**TASK DESCRIPTION**
What you return should match the data word for word, minus the images.

**STORED DATA**
********

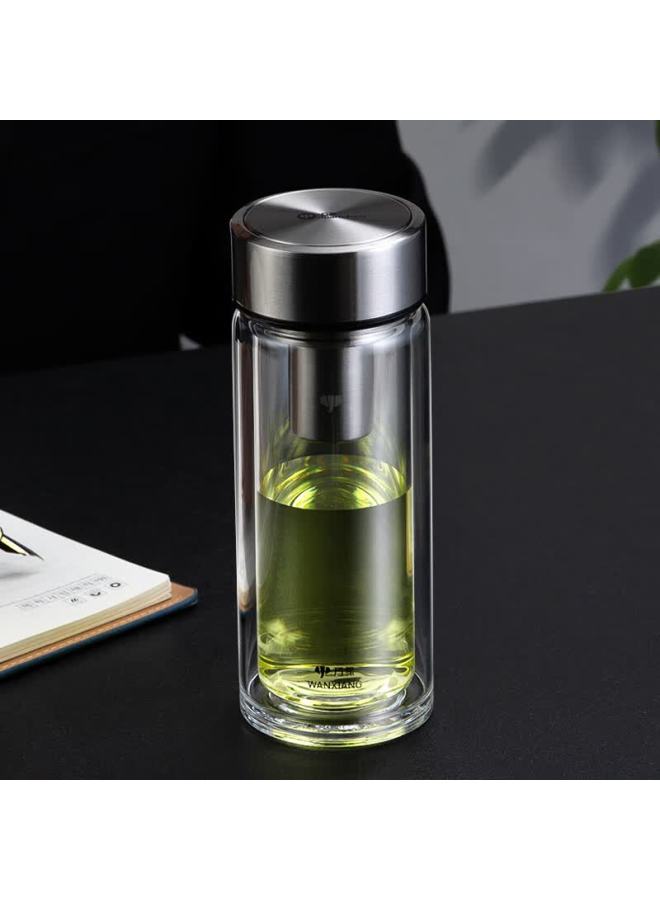 Wanxiang Double-layer Glass Cup V304r Titanium Silver 480ml Large Capacity Tea Infuser Cup For Business Office With Filter Water Mug - Image 1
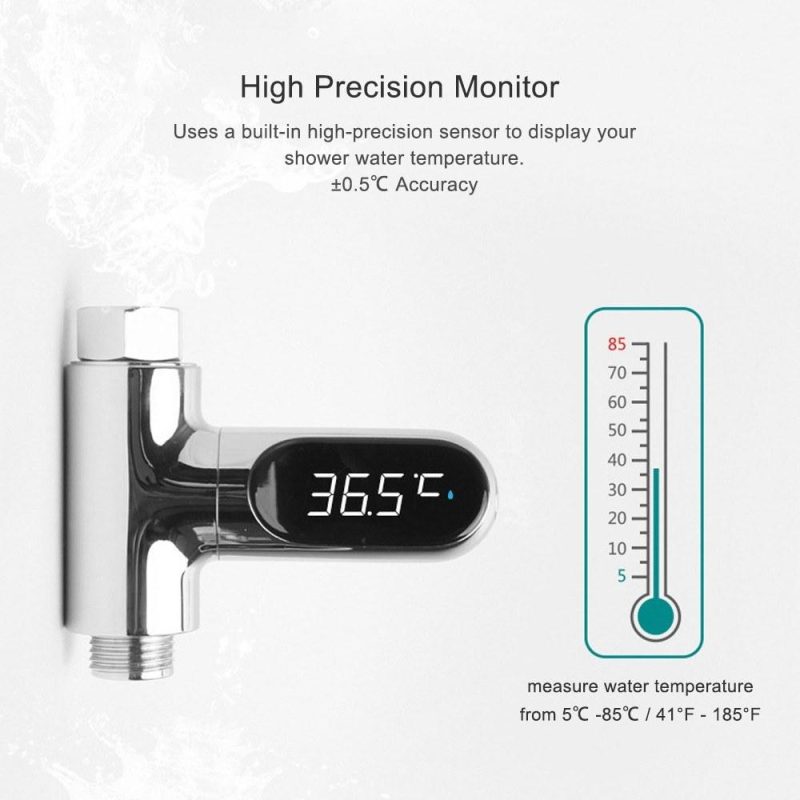 Digital Shower Thermometer Bath Temperature Monitor LED Display  |   Temperature & Humidity Measurements Measurement & Analysis Instruments Silver + Black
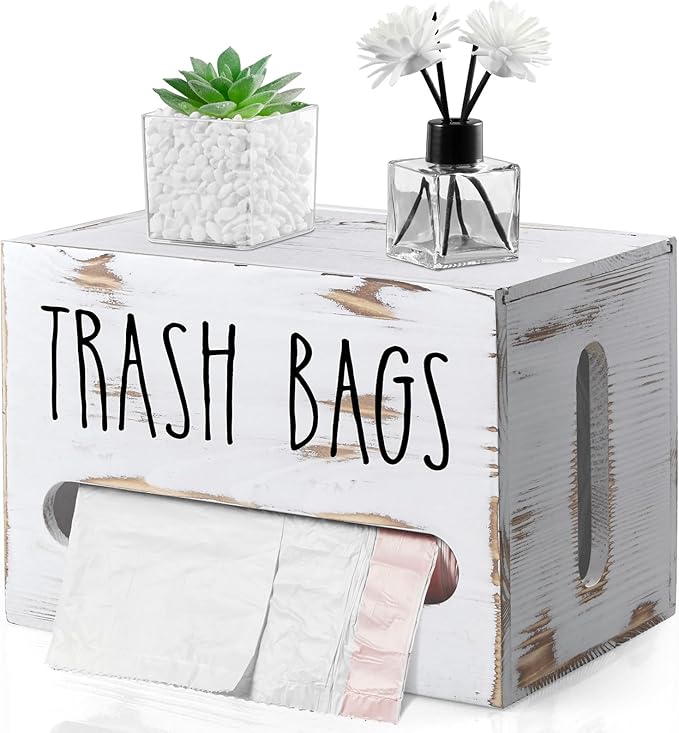 Trash Bag Holder, Wooden Stackable Trash bag Dispenser Wall Mount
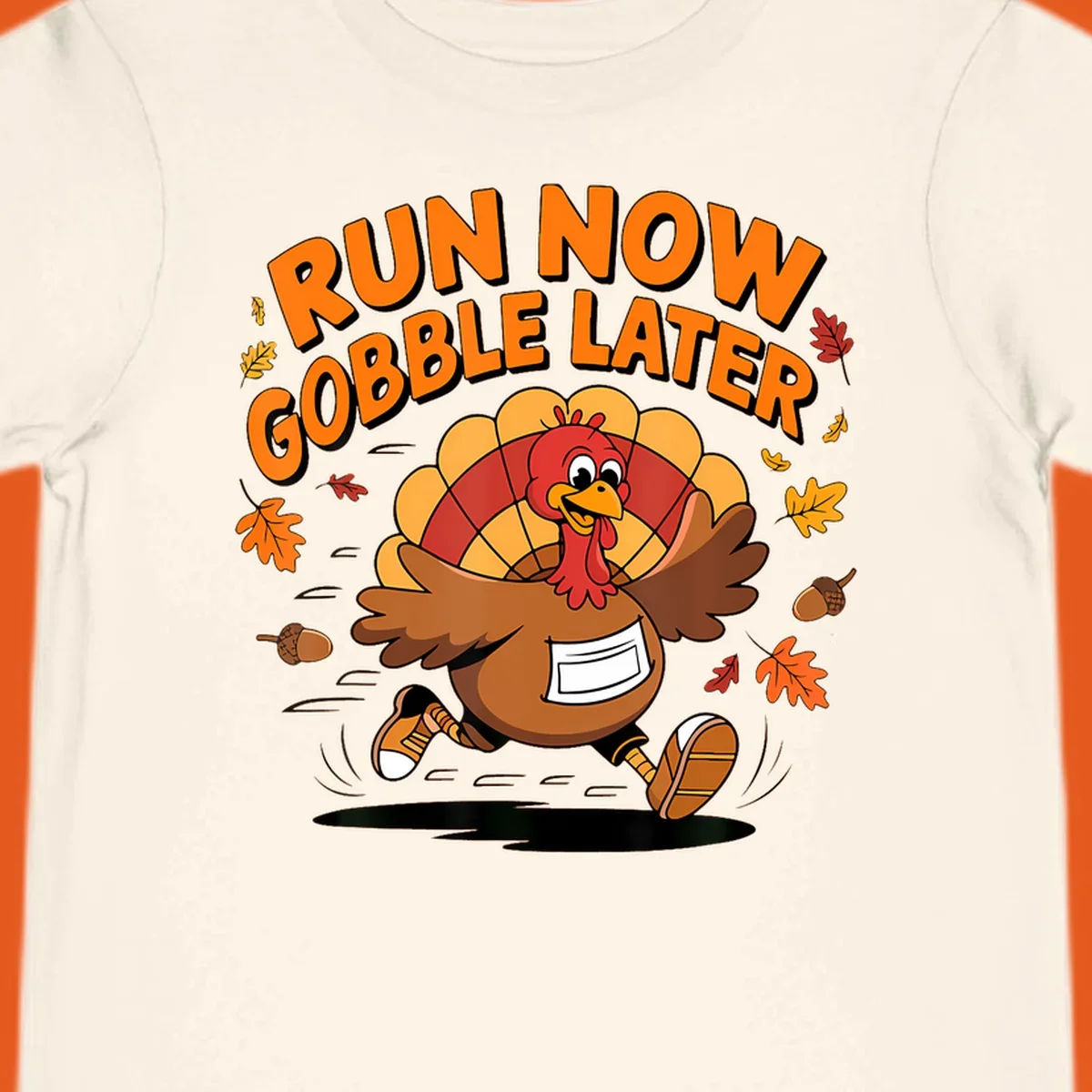 Cartoon turkey running with text "RUN NOW GOBBLE LATER" for Thanksgiving Turkey Trot shirt.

********

**EXERCISE OUTPUT**
 Wanxiang Double-layer Glass Cup V304r Titanium Silver 480ml Large Capacity Tea Infuser Cup For Business Office With Filter Water Mug - Image 1
 Digital Shower Thermometer Bath Temperature Monitor LED Display  |   Temperature & Humidity Measurements Measurement & Analysis Instruments Silver + Black
 Trash Bag Holder, Wooden Stackable Trash bag Dispenser Wall Mount
 Cartoon turkey running with text "RUN NOW GOBBLE LATER" for Thanksgiving Turkey Trot shirt.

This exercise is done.